Divieto di balneazione nelle acque del Ticino, anche le amministrazioni comunali di Somma Lombardo e Golasecca scelgono la linea dura decisa dall’esecutivo di Lonate Pozzolo, mentre il comune di Vizzola Ticino a oggi mantiene una linea più prudente. Fermo restando che per tutti i sindaci direttamente interessati al problema, e che hanno soprattutto chilometri di spiagge del Fiume Azzurro sul proprio territorio, la parola d’ordine è tutela e sicurezza dei propri cittadini — e non solo — all’insegna del proverbiale «prevenire è meglio che curare».

I vortici

Dice da Golasecca il sindaco Claudio Ventimiglia: «Da anni qui esiste un’ordinanza di divieto permanente di balneazione nel Ticino che per noi è sempre valida». Inoltre: «A ridosso della spiaggia della Melissa, frequentatissima dai bagnanti, c’è lo sbarramento della Miorina e qui si formano vortici molto pericolosi per i turisti». Tanto che nella zona l’amministrazione ha predisposto anche cartelli e segnalazioni informative ad hoc.
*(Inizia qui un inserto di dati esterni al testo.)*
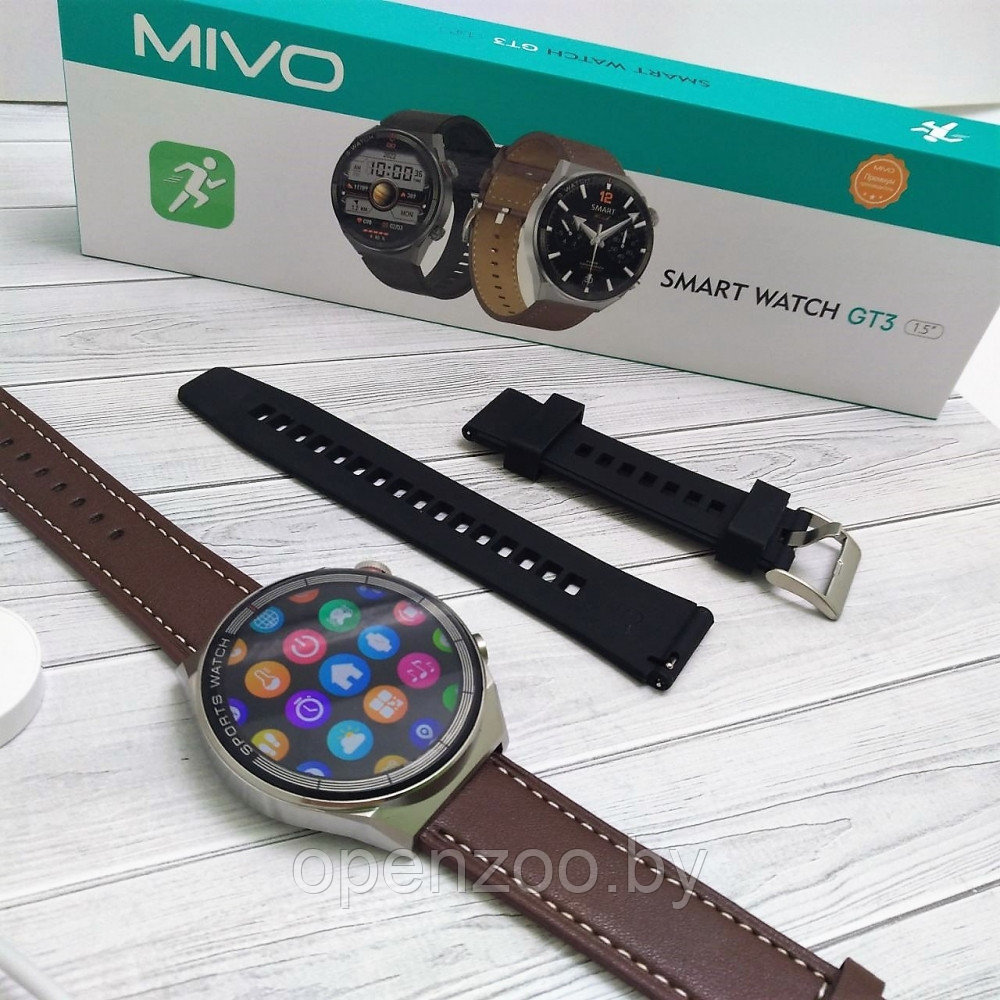 Умные часы Smart Watch Mivo GT3 /1.5/ IP68 / NFC / 2 комплекта ремешков Циферблат Черный - фото 8 - id-p210940884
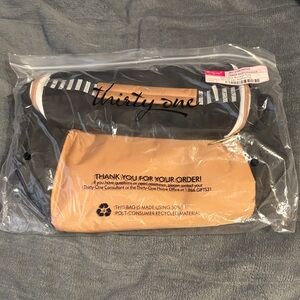 thirty-one Black Tote with Tan Front Pocket and Striped Handles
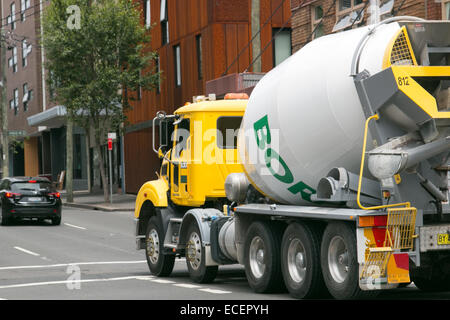 Boral ready mix concrete cement lorry in sydney,australia Stock Photo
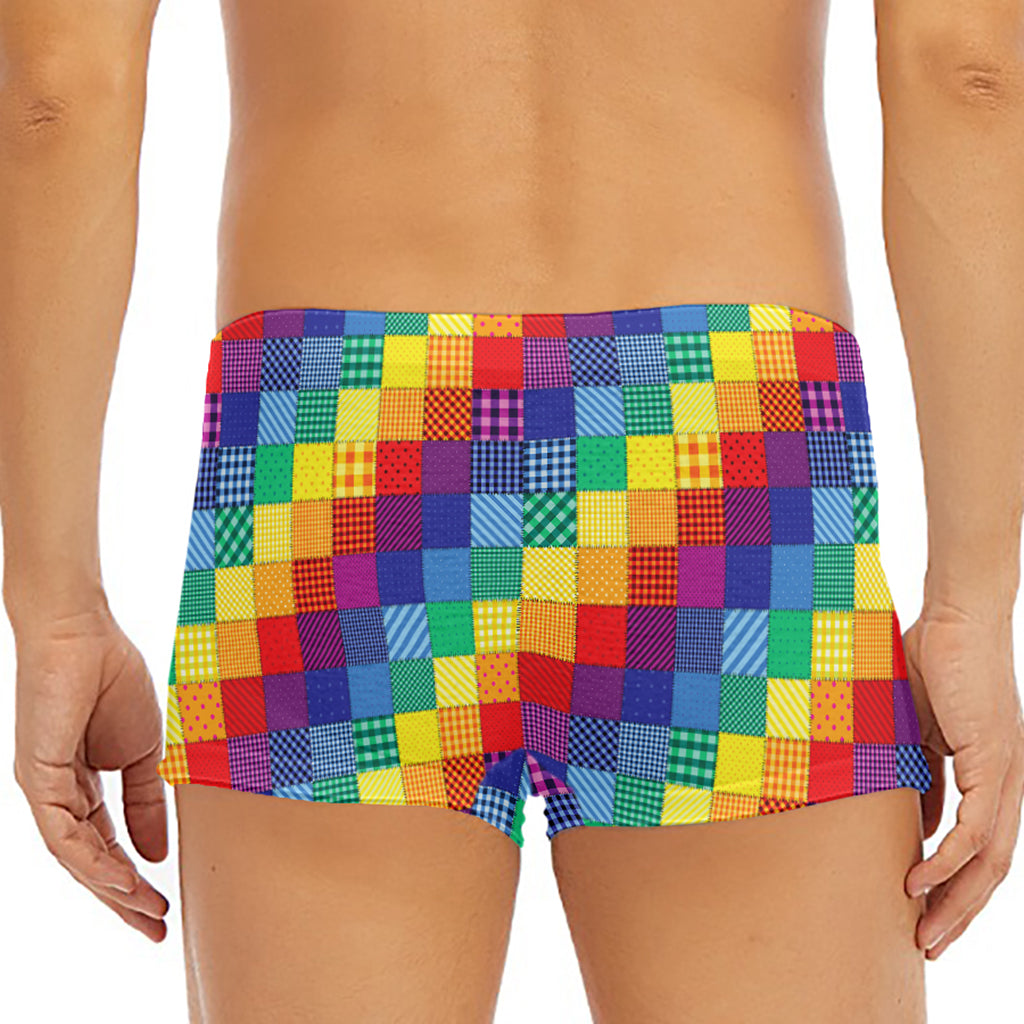 Rainbow Patchwork Pattern Print Men's Short Boxer Briefs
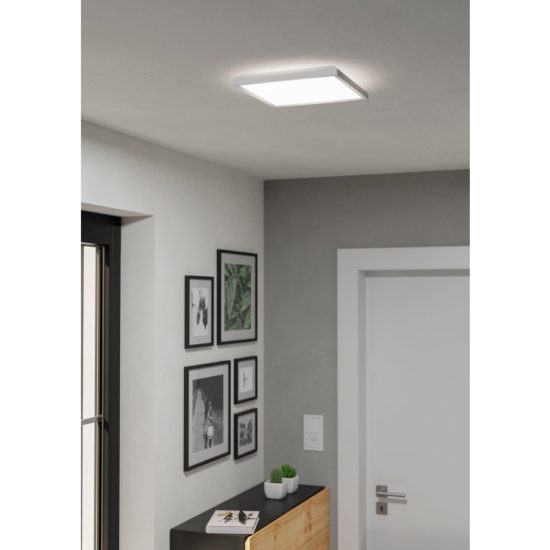 Eglo rovito plafoniera led 13,4w cct 2700k 6500k 29cm ip44 per bagno moderna bianca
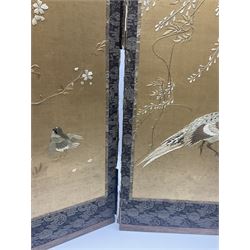 Two Oriental silk and wooden screens embroidered with birds and blossoming branches, largest H88cm 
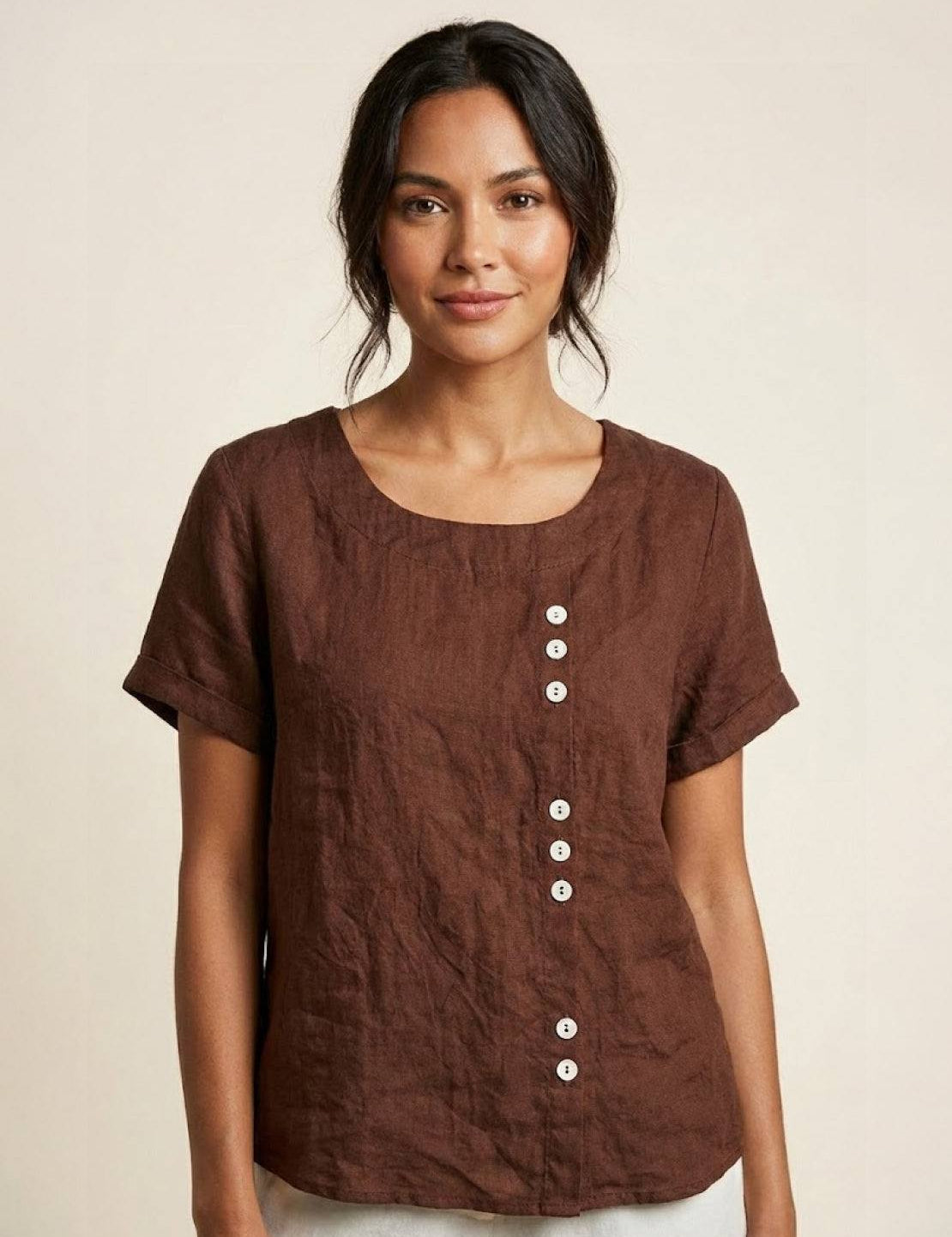 Claudette Harbourne | Women's Green Linen Button Detail Short Sleeve Top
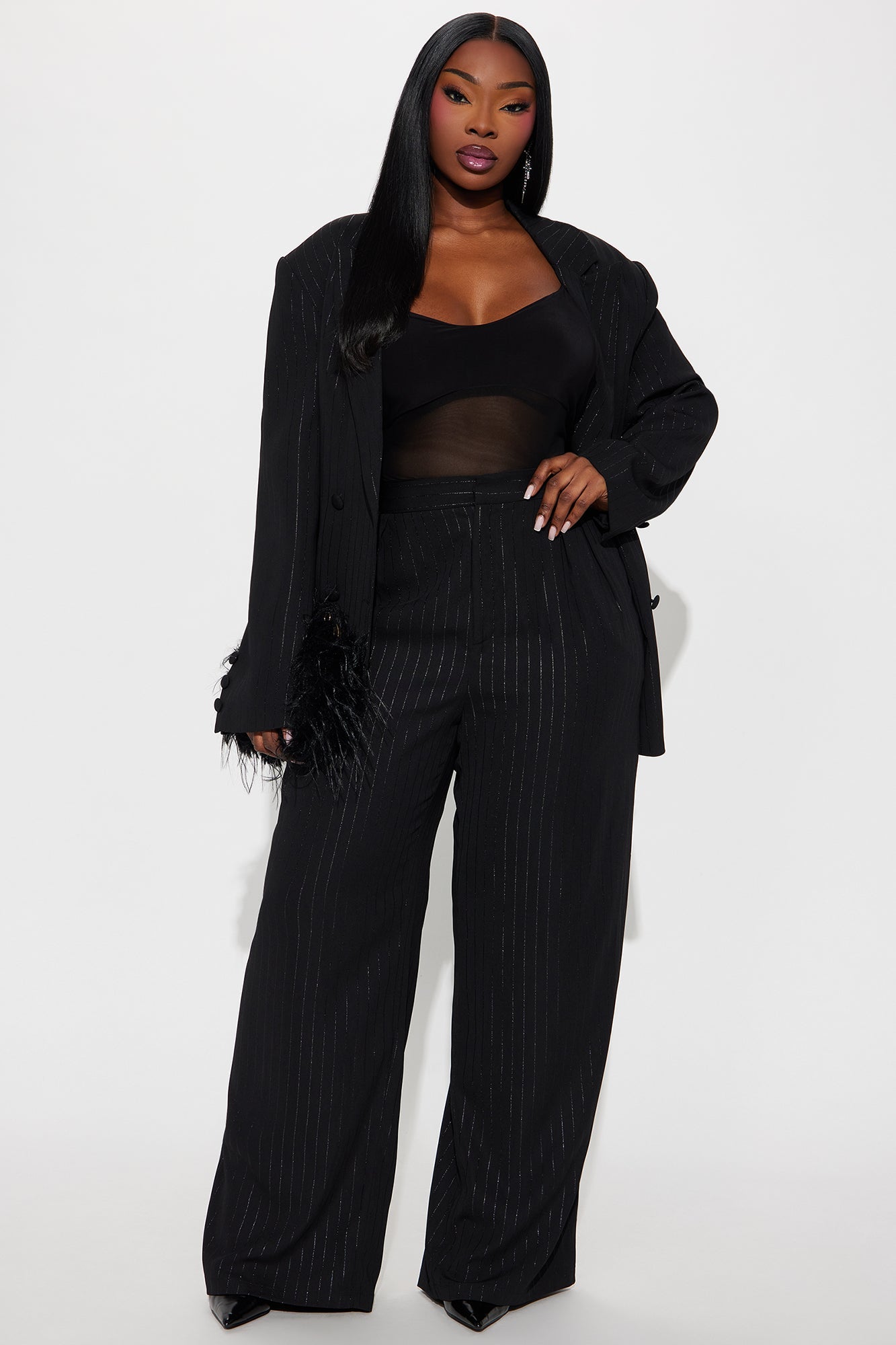 Smooth Criminal Metallic Pinstripe Trousers - Black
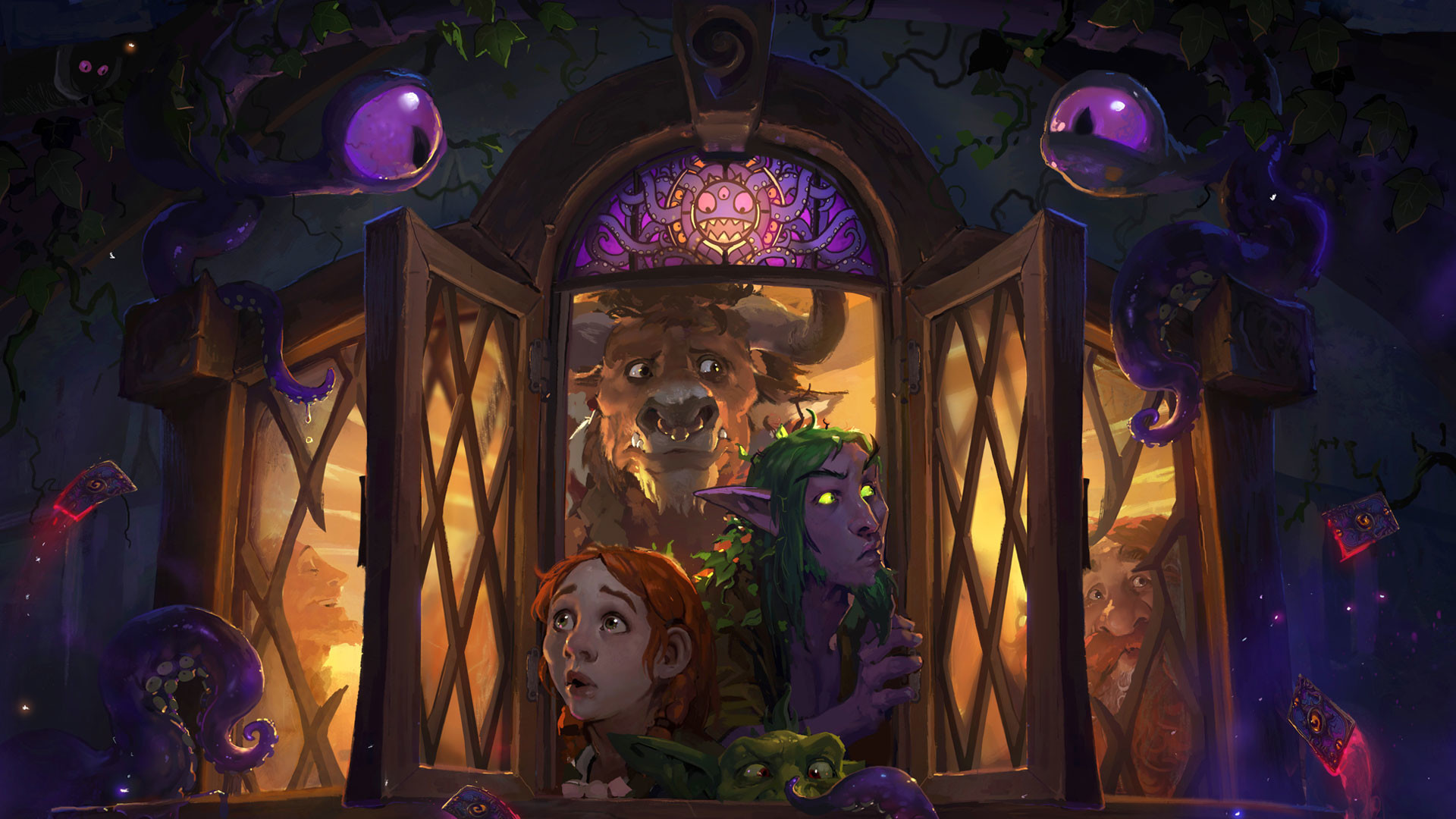 Hearthstone, Le Streghe di Boscotetro, Taverna, Vetrata, Viola, Full HD 1080p, sfondo desktop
Ma la storia recente è stata piuttosto triste: non lontano da Golasecca si sono registrati anche alcuni dispersi nelle acque. L’ultimo caso riguarda un cinese di trentuno anni che aveva chiesto aiuto al confine con Castelletto. Conclusione: «L’ordinanza è necessaria per un triplice obiettivo di sicurezza dei cittadini, tutela della salute e prevenzione in senso lato».

Il divieto

Più prudente il neosindaco di Vizzola, Roberto Nerviani. Spiega: «Nel nostro comune abbiamo la spiaggia di Castelnovate. Ogni anno si fa un’ordinanza per il divieto di balneazione. Noi siamo in una fase di analisi e valutazione sul da farsi. Perché dobbiamo comprendere per bene se le acque del Ticino siano inquinate oppure se si tratti di un’ordinanza mirata a una politica di prevenzione a 360 gradi che rimane e rimarrà imprescindibile». Ma a Vizzola rimane un altro problema grosso. Due domeniche fa nella zona di Castelnovate hanno fatto il bagno circa 500 persone. Quindi, sussiste un allarme parcheggi. «Moltissime macchine dei turisti sono in divieto di sosta», prosegue Nerviani. «È un problema da regolamentare e risolvere». E poi l’eventuale ordinanza deve essere fatta rispettare. Conclusione: «Purtroppo abbiamo soltanto una vigilessa. Non può essere ovunque».

Le ordinanze

E Somma? «Da diversi anni esiste un divieto di balneazione permanente nelle spiagge Canottieri e Fogatore», ricorda a tutti il sindaco Stefano Bellaria. «Non si può rischiare la vita per un tuffo in acqua, non si può scherzare con l’acqua e non si può dare troppa confidenza al Ticino». Anche perché due anni fa, nel 2017, un richiedente asilo era affogato alla spiaggia Canottieri. In questi tratti del fiume, del resto, le correnti sono mutevoli, pericolose e vorticose. Conclude il primo cittadino sommese: «Le ordinanze servono per prestare attenzione e venire incontro a residenti e turisti». Con l’obiettivo di farle rispettare anche attraverso segnalazioni.